It will, I fear, cost thousands of lives. What a calamity that the phrase was ever uttered!

What misery it will cause!'

If only he could have witnessed last week's events as desperate consumers experienced the extraordinary disruption to their lives consequent upon a brief interruption to Britain's petrol supplies. Parental choice in education now necessitates the mass movement by car of our children to schools remote from their homes. Pandering to voracious consumer demands has led to the death of town centres and the dependence on out-of-town shopping and leisure facilities.

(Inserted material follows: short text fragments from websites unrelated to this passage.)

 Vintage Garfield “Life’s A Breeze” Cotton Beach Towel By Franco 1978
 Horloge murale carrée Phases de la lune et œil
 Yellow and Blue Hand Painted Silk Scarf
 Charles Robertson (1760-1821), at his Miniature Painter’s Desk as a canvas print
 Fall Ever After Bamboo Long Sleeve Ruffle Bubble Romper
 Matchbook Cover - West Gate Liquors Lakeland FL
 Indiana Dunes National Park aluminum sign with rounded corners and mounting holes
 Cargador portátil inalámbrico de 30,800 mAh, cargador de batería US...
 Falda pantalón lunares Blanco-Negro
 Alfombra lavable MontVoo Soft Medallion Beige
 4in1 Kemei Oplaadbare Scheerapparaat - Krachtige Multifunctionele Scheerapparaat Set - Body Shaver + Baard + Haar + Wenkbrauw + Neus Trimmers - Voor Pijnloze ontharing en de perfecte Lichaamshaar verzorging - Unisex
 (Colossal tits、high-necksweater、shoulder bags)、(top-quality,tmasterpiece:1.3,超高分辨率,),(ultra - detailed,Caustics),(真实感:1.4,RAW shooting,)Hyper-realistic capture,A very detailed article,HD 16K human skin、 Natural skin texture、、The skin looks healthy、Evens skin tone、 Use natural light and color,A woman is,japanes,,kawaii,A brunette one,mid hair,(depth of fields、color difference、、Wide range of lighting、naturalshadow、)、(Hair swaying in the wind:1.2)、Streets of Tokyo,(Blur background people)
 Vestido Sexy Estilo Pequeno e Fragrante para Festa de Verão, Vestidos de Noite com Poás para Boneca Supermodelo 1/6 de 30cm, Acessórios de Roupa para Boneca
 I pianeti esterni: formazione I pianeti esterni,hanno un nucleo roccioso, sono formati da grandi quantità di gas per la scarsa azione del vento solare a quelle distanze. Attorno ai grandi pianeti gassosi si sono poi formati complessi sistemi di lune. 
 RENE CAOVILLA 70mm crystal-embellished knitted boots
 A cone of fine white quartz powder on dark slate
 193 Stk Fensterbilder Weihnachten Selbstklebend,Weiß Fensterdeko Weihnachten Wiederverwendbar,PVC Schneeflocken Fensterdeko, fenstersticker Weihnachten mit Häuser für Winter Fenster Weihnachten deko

A neighbour in my street in north London has recently taken a job near Gatwick only to 'crawl' daily around the M25 by car. A young student a street away drives 80 miles a day to college in Epsom. She prefers to live at home in order to save money. 'Terrible the cost of student accommodation, ' says her father, who is happy to fill her car bi-daily with company petrol. 'And ain't that M25 terrible - it can't cope with the traffic!'

But as Ken Livingstone said at the RIBA last week, during the launch of tomorrow's Car Free Day, such freedoms of choice have carried heavy penalties. Ironically, London's traffic had that very day been brought to a virtual halt by the fuel crisis, prompting Ken to comment wryly on this refreshing reminder of past times when streets were traffic free.

But my children don't enjoy such memories having never known the freedom to cycle to school, play in the street, or enjoy street parties. And this is why the Environmental Transport Association's initiative to support European Car Free Day is so important. It provides for residents of those towns who partake the opportunity to gain a different perception of our streets and how they can be used.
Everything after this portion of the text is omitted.